=== Task to complete ===
Reproduce the entries. Match every word.

=== Material for the task ===

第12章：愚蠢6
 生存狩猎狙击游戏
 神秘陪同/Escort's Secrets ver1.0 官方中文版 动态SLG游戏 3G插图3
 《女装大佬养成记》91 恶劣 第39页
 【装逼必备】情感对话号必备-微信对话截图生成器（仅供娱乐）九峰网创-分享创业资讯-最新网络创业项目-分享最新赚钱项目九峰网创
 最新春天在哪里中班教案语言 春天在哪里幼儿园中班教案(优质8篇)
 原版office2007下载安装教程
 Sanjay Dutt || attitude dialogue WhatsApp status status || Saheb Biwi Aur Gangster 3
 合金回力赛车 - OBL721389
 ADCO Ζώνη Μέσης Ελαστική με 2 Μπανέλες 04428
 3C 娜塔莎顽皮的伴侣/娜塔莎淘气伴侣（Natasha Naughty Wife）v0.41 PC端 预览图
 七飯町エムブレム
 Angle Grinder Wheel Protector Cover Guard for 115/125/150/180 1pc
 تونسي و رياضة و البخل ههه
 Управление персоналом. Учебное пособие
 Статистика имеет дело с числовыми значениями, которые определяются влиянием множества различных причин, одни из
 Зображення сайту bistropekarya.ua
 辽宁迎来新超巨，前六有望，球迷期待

=== Your solution ===
第12章：愚蠢6
 生存狩猎狙击游戏
 神秘陪同/Escort's Secrets ver1.0 官方中文版 动态SLG游戏 3G插图3
 《女装大佬养成记》91 恶劣 第39页
 【装逼必备】情感对话号必备-微信对话截图生成器（仅供娱乐）九峰网创-分享创业资讯-最新网络创业项目-分享最新赚钱项目九峰网创
 最新春天在哪里中班教案语言 春天在哪里幼儿园中班教案(优质8篇)
 原版office2007下载安装教程
 Sanjay Dutt || attitude dialogue WhatsApp status status || Saheb Biwi Aur Gangster 3
 合金回力赛车 - OBL721389
 ADCO Ζώνη Μέσης Ελαστική με 2 Μπανέλες 04428
 3C 娜塔莎顽皮的伴侣/娜塔莎淘气伴侣（Natasha Naughty Wife）v0.41 PC端 预览图
 七飯町エムブレム
 Angle Grinder Wheel Protector Cover Guard for 115/125/150/180 1pc
 تونسي و رياضة و البخل ههه
 Управление персоналом. Учебное пособие
 Статистика имеет дело с числовыми значениями, которые определяются влиянием множества различных причин, одни из
 Зображення сайту bistropekarya.ua
 辽宁迎来新超巨，前六有望，球迷期待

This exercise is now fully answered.